In a world that has changed significantly since the beginning of the year, the U.S. dairy industry is standing out among its global peers, bringing unique challenges — and unique strengths — to the table.
When COVID-19 knocked the wind out of the finally strong early 2020 milk prices producers were seeing following years of depressed prices, the U.S. in particular felt a much deeper price impact more quickly and on a deeper level, said Mary Ledman, global sector strategist for dairy of Rabobank, during a Professional Dairy Producers of Wisconsin’s Dairy Signal webinar last month.
European and North American producers were in a similar boat in terms of their high production seasons kicking into gear just as COVID-19 really began sweeping across the globe, Ledman said.
Comparatively, in Oceania, where their peak season was winding down as COVID-19 set in, Ledman said, they didn’t see a significant impact immediately.
For the European and North American producers, however, “COVID-19 could not have hit at a worse time,” Ledman said.
COVID-19 turned 2020, a year that was supposed to help dairy farmers “catch up,” Ledman said, into a situation that suddenly looked a lot less hopeful.
Compared to their global counterparts, the U.S. dairy farmer is feeling the pain of milk prices in a particularly acute way, as prices have fallen from about $17 for Class III milk to at times under $12, Ledman said.
“Nobody else has felt that type of stress or strain on their milk prices,” Ledman said.
Contributing to that drop in milk prices that has hit the U.S. hard specifically is the amount of dairy that is funneled through the food service industry, Ledman said.
“The U.S. exposure to the food service market and how quick it shut off is really what caused the back-up in U.S. milk production,” Ledman said.
In the U.S., about a third of all dairy products go to food service, Ledman said. An even higher proportion of cheese in the U.S. — about half — goes to food service.
Restaurants, even as they start to reopen, are running at a mere fraction of the capacity that they used to, and there’s little chance of them returning to 100% capacity by the end of the year — although Ledman said that maybe optimistically food service could be back at 75% capacity by the third quarter.
Spikes in frozen pizza sales, for example, have allowed some food service product providers to pivot and are one way to repurpose industrial amounts of cheese, but the year-on-year increase of those sales, while still in the increase stage, has gotten smaller since the first month or two of COVID-19 setting in, Ledman said.

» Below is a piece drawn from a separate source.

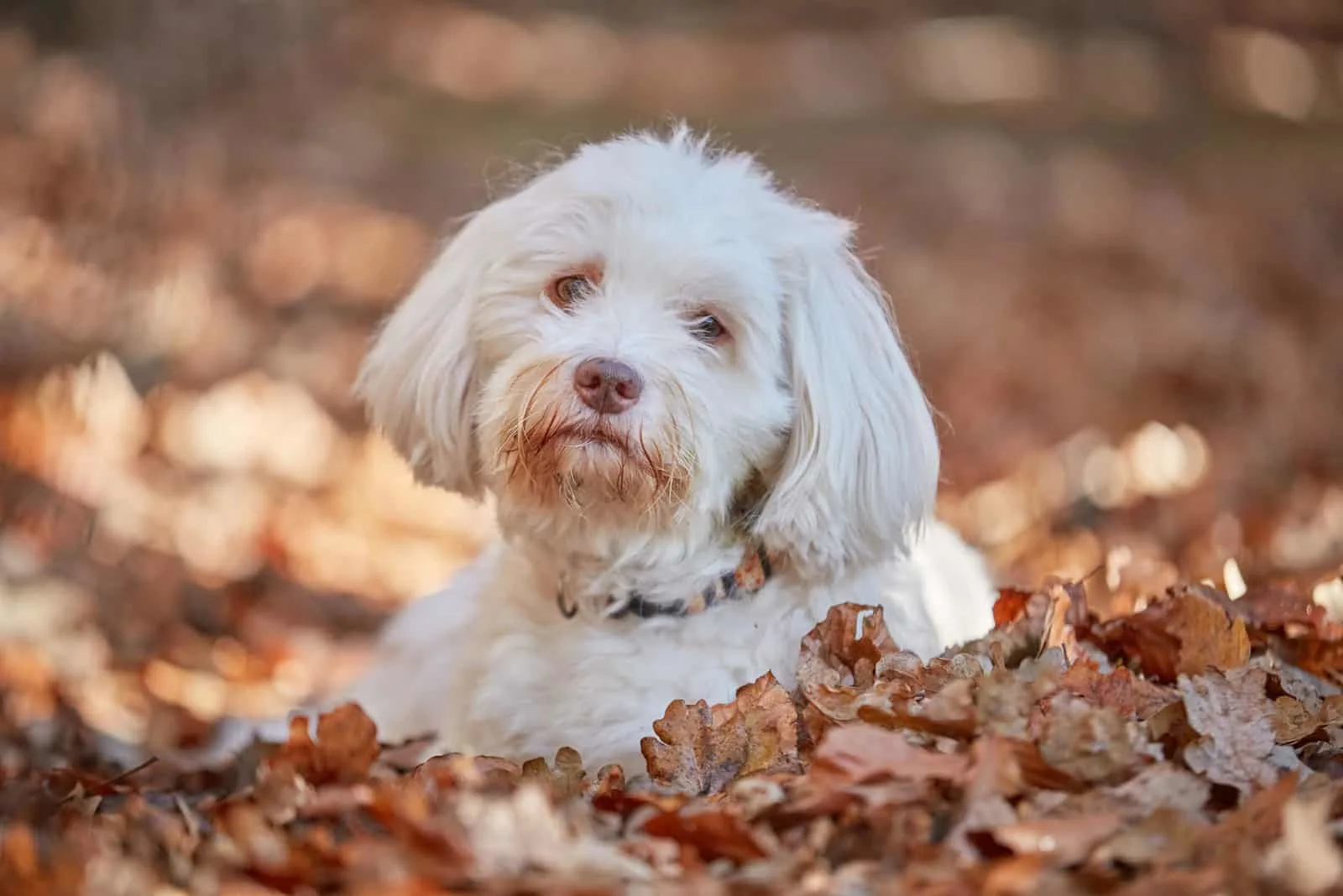 White havanese dog lying tired in the brown leaves in the forest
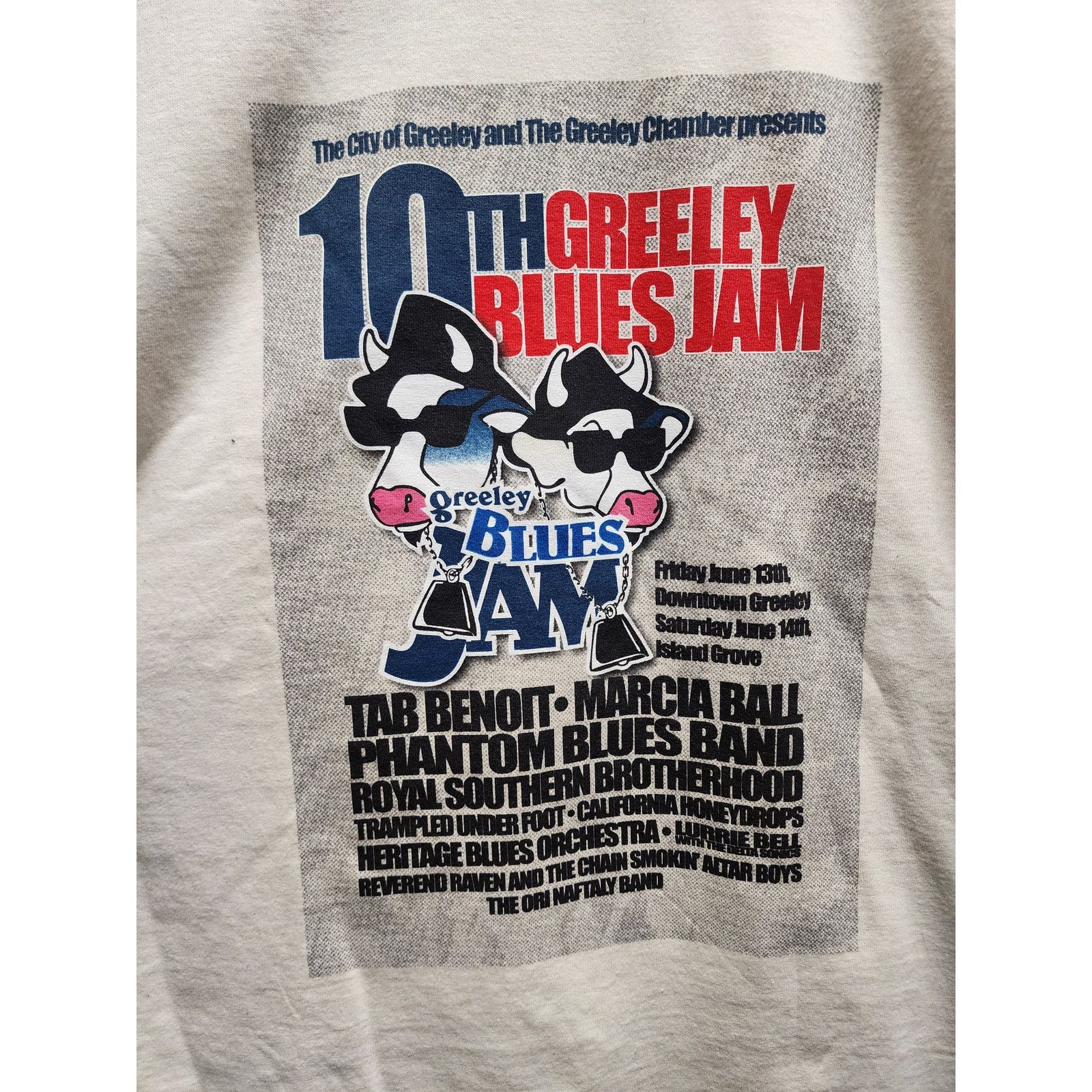 Gildan Greeley Blues Jam Shirt 10th Anniversary XL Concert Tee Size US XL / EU 56 / 4 - 2 Thumbnail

In Europe, on the other hand, only about 20% of dairy products go into food service and one would be hard-pressed to find a country where perhaps 30% of cheese does so, Ledman said.
While at least a couple European governments have asked producers to cut back production, Ledman said, the oversupply is to a smaller degree than has occurred across the U.S.
Beyond domestic factors, global trade has also been thrown into something of a tailspin as COVID-19 circles the globe at different speeds.
“There is this longer term economic erosion of the decrease in global GDP that is kind of that bigger cloud out there that’s looming,” Ledman said.
While some prices are rebounding, Ledman said she isn’t calling that a recovery because there are repercussions to other global factors like cheap oil, shipping logistics and the weakness of foreign importers’ currency — for example, the Mexican peso.
Looking at global trade of skim milk powder, whole milk powder and cheese combined, a more than 15% decline is being seen for 2020, Ledman said.
The U.S. should be able to hold its place in the global economic order, though, Ledman said.
One major benefit, Ledman said, is the strength of the U.S. dollar.
“If there’s one piece of solace here for the U.S., it’s the dollar and it’s the safe haven the dollar provides,” she said.
Right now, the dollar’s strength comes from that “it’s doing the best in a bad situation,” Ledman said. How long the dollar has been in existence and how widespread the dollar’s presence is globally also help, she said.
Still, it will have to be seen if the dollar is able to maintain its strength going forward and what the next chapters for the U.S. currency will be.
Another bright spot is the move toward self-sufficiency, something that was underway before COVID-19 came into the picture.
“One of the real benefits for American agriculture that COVID-19 has presented is that food is being looked at in a different light,” Ledman said.
While things like hurricanes in the Southeast and blizzards in the Midwest may have brought some awareness to food scarcity and barren shelves in the past, nobody in this generation has experienced the kind of widespread food scarcity or fear or scarcity being seen now, Ledman said.
That, Ledman said, is likely to bring about a greater appreciation for the American farmer and a safe food supply.
“The combination of the strength of the dollar and our self-sufficiency and the strength of the food supply here will keep us as a major global leader,” Ledman said.
Ledman reminded U.S. producers that there is still going to be more, not less, volatility ahead and that producers should consider doing whatever they can based on their own individual circumstances to put more stability into their operations.